• [Problem to work on]: Write out exactly the lines below starting at the one containing "2025 Volvo XC90 Plug-In Hybrid Plus" and ending at the one containing "Used 2023 Cadillac". Omit every picture.

• [Records for processing]:
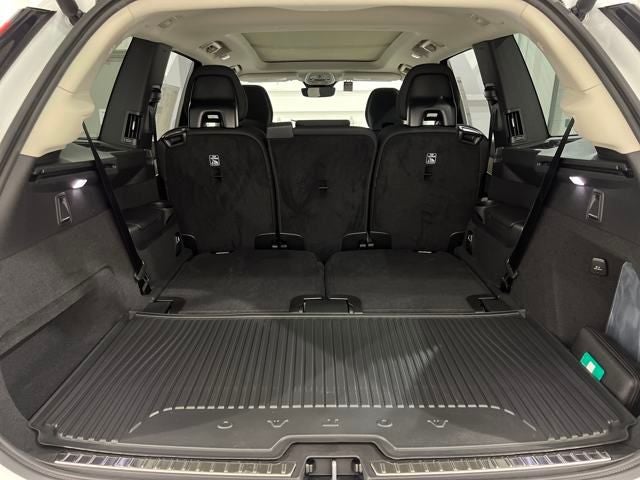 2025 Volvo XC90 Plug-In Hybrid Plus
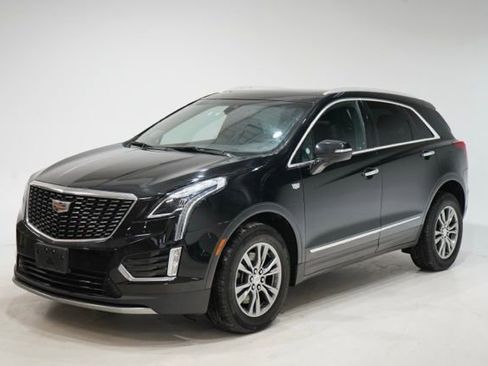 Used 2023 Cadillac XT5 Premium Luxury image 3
==
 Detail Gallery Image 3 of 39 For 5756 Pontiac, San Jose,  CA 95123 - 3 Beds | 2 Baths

• [Answer box]:
 2025 Volvo XC90 Plug-In Hybrid Plus
 Used 2023 Cadillac XT5 Premium Luxury image 3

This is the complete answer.